◆ Task goal: Go through the listing below and retype exactly the lines starting at the one with "2501 49TH ST NW, Washington, DC 20007" and ending at the one with "Apartamento à venda", skipping pictures.

◆ Records for processing:
*-*-*
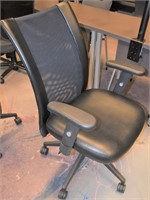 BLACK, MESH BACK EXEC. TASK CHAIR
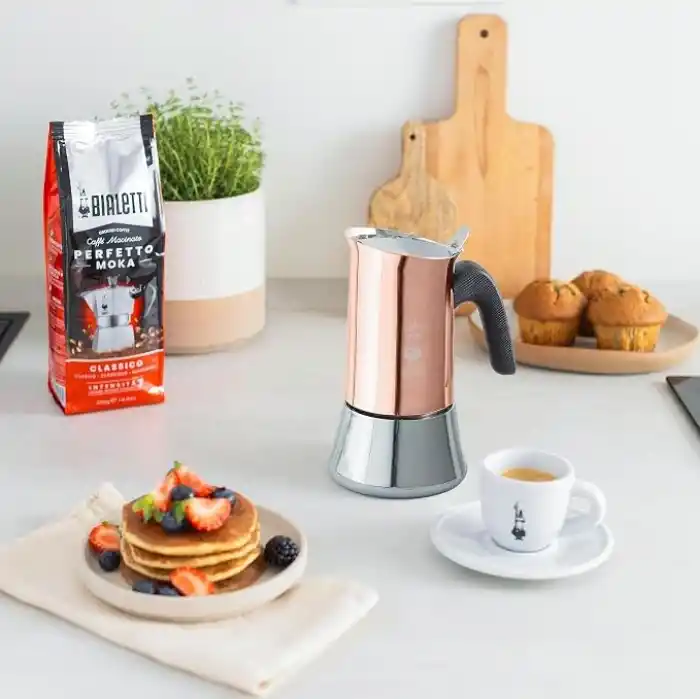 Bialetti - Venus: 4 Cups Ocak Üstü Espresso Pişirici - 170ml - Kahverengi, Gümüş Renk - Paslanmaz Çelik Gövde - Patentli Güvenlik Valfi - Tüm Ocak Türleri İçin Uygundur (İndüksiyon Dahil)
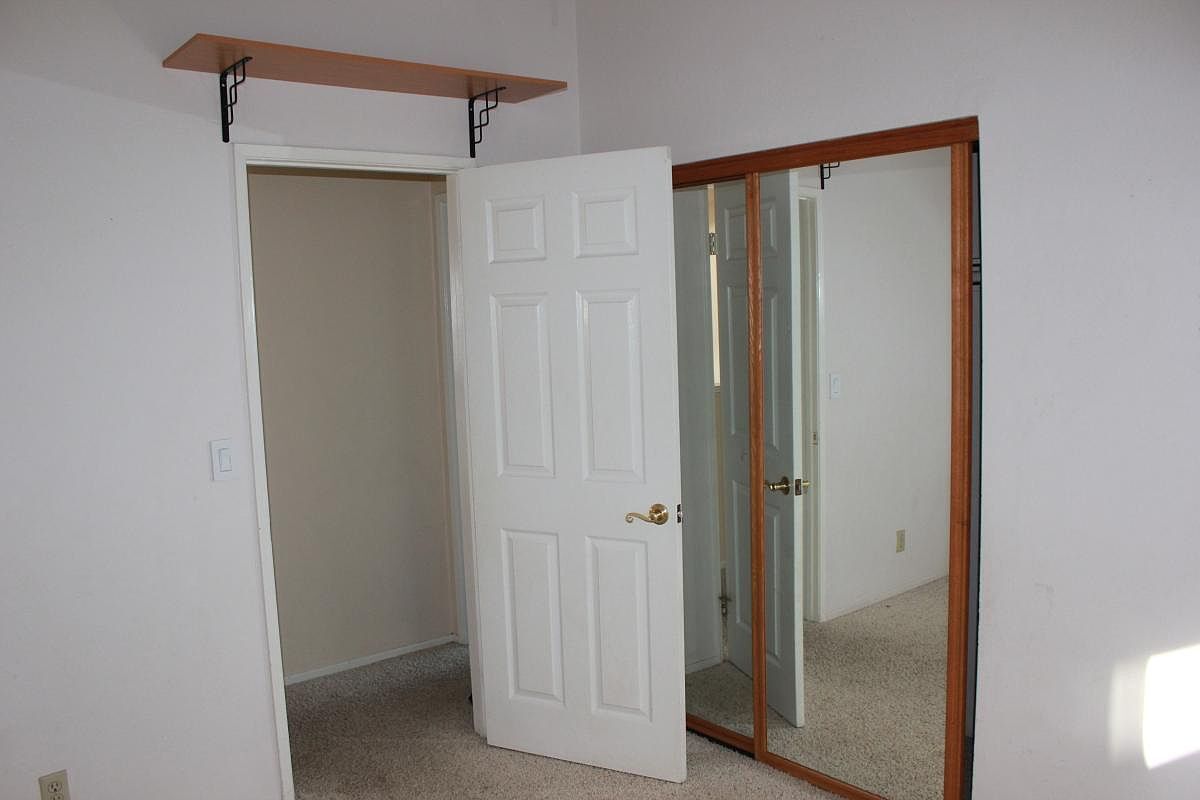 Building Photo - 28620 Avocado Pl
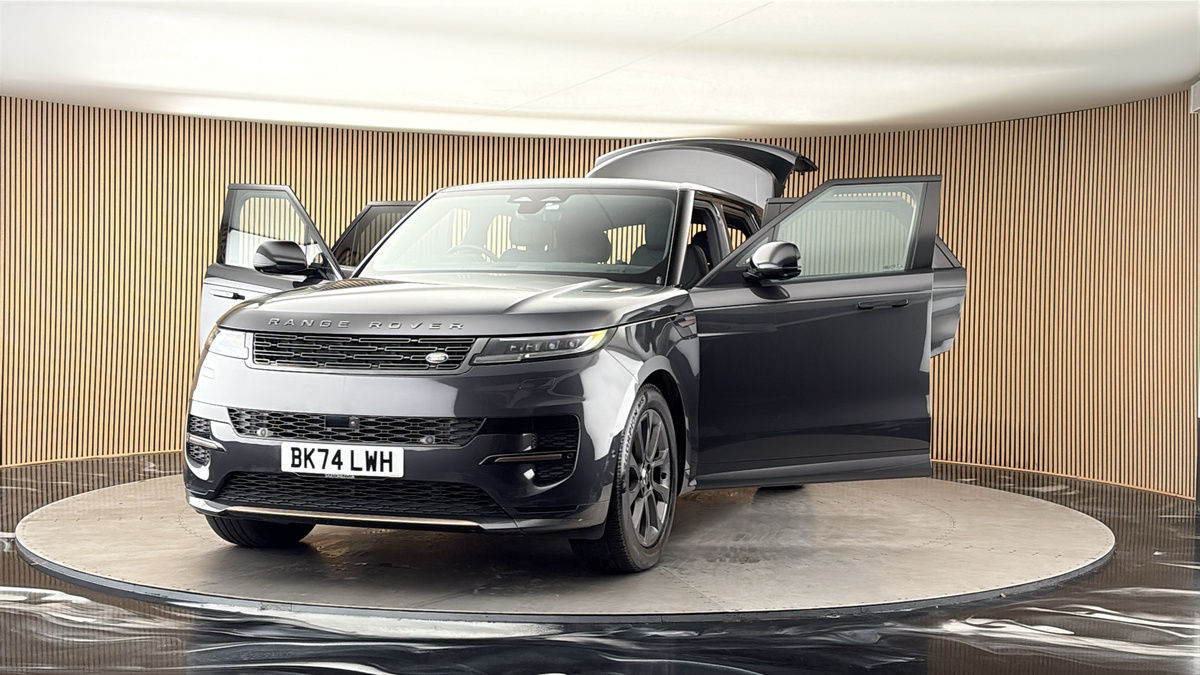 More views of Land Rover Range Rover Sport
*-*-*
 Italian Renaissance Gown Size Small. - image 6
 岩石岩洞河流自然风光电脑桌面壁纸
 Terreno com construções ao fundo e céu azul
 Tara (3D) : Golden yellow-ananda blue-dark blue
*-*-*
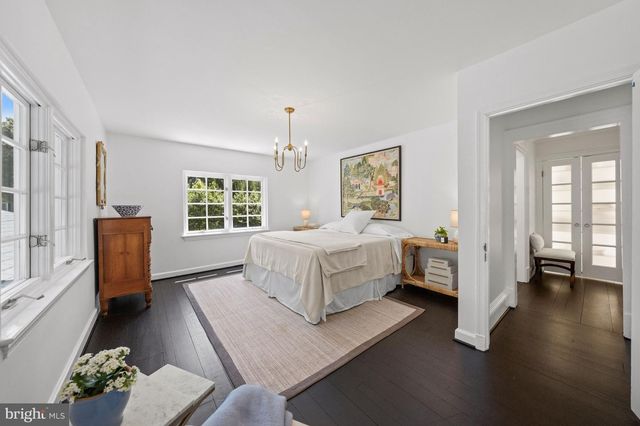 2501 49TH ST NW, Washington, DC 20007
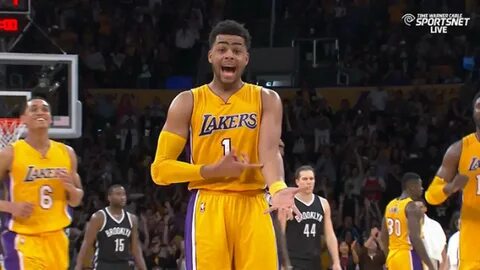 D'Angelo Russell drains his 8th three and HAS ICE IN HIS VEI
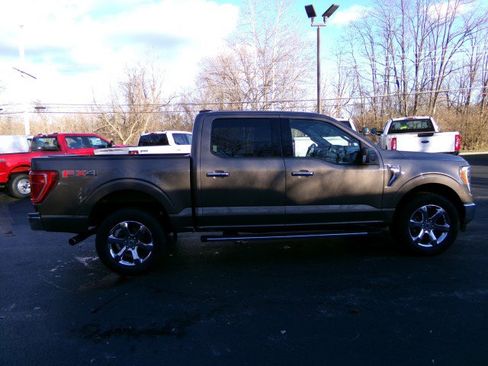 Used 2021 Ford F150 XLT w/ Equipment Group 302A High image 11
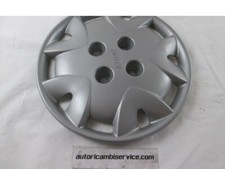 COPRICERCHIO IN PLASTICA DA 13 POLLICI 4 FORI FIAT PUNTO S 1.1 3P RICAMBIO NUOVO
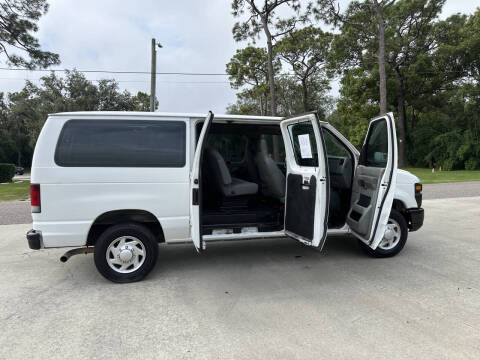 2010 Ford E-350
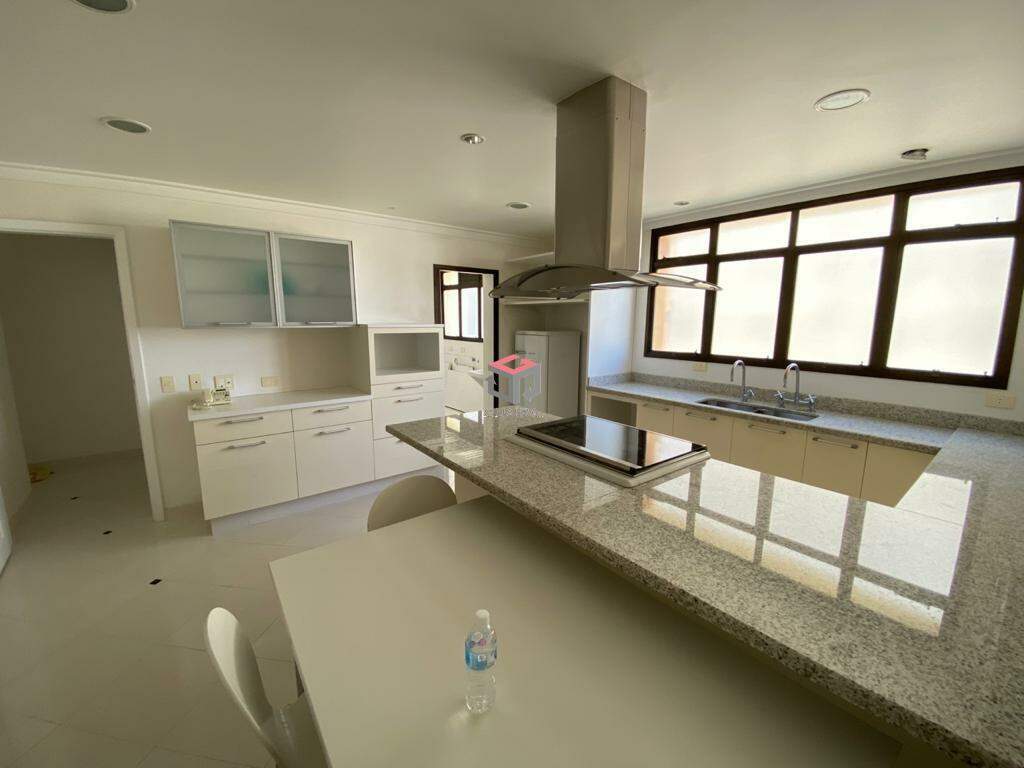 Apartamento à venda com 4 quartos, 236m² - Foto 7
*-*-*
◆ Task answer:
 2501 49TH ST NW, Washington, DC 20007
 D'Angelo Russell drains his 8th three and HAS ICE IN HIS VEI
 Used 2021 Ford F150 XLT w/ Equipment Group 302A High image 11
 COPRICERCHIO IN PLASTICA DA 13 POLLICI 4 FORI FIAT PUNTO S 1.1 3P RICAMBIO NUOVO
 2010 Ford E-350
 Apartamento à venda com 4 quartos, 236m² - Foto 7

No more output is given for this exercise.